Her iki dönemde de kendisine gelen eleştirilerin birbirinden
farkını "Daha önce de eleştiriler vardı; eleştiri hep oldu
ama 'Geziciler' olarak tavsif edilen okur grubu; kendilerini dini
terminolojiyi de kullanarak ifade eden bu yeni kitleye nispetle
epey müeddep ve seviyeliydi. En azından önemlice bir kısmı olayları
meslek etik ilkeleri çerçevesinde ele alıyordu." diye
anlattı.
Altay, Sabah gazetesinin son yıllarda FETÖ ile ilgili manşetlerinin
ise görmezden gelinmesini eleştirdi ve şunları yazdı:
"Başta meslektaşlarımız olmak üzere kamuoyunun bir kısmı bu
haberlere hak ettiği değeri vermedi. Sabah'ın bu haberlerle gündemi
saptırmaya, gerçeklerin üzerini örtmeye çalıştığını, hayali bir
düşman icat edip 'her şeyi paralele bağladığını' iddia ettiler.

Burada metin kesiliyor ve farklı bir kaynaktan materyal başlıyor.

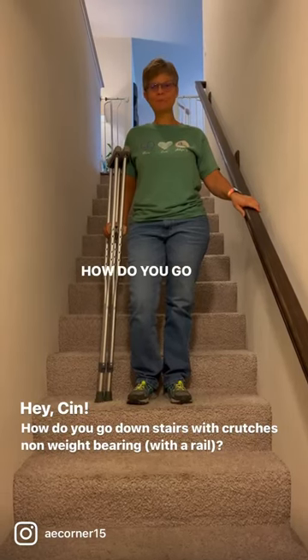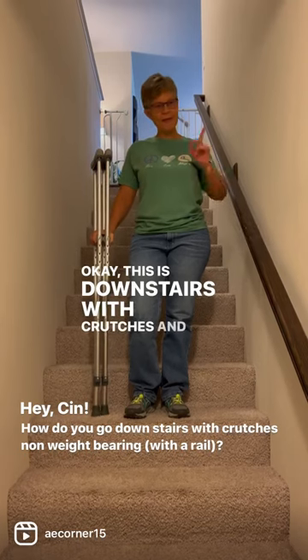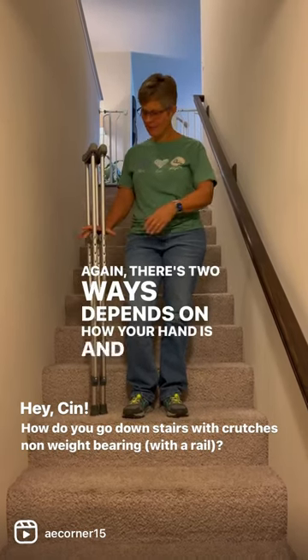Hey, Cyn. Hey, what? How do you go downstairs with crutches? Okay, this is downstairs with crutches and a rail. There's two ways. Depends on how your hand is and your thumb position.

PDY'nin varlığını kabul edenlerden bile SABAH'ın ısrarlı
yayınlarını 'saçma bir takıntı', 'yersiz bir paranoya', 'abartılmış
bir korku' olarak görenler oldu."
Bu yorumunun ardından Altay yaşananların SABAH'ın bir özrü hak
ettiğini yazdı.
İşte Sabah okur temsilcisinin kaleminden dikkat çekici
bölümler:
"Okur Temsilciliği görevine başladığımda Gezi'nin artçı
sarsıntıları devam ediyordu. Kısa bir süre sonra da 17-25 Aralık
darbe girişimi yaşandı.
Sabah'ın Gezi olayları karşısındaki duruşu herkesin malumu... Ağır
eleştirilere maruz kalsa da pozisyonunu savundu.
Benzer şekilde Sabah iki başarısız darbe girişimi (17 Aralık-15
Temmuz) arasında da kesin bir tavır ortaya koydu. Gazetede çok
sayıda 'paralel' ve FETÖ haberi yayınlandı.
Bu sırada bana ya da gazeteye gelen tenkitlerde bir tuhaflık
dikkatimi çekmeye başladı. 17-25
Aralık'tan sonra spesifik bir eleştiri getirmeyen, galiz küfür ve
hakaretler içeren maillerin sayısı 'katlanmıştı'.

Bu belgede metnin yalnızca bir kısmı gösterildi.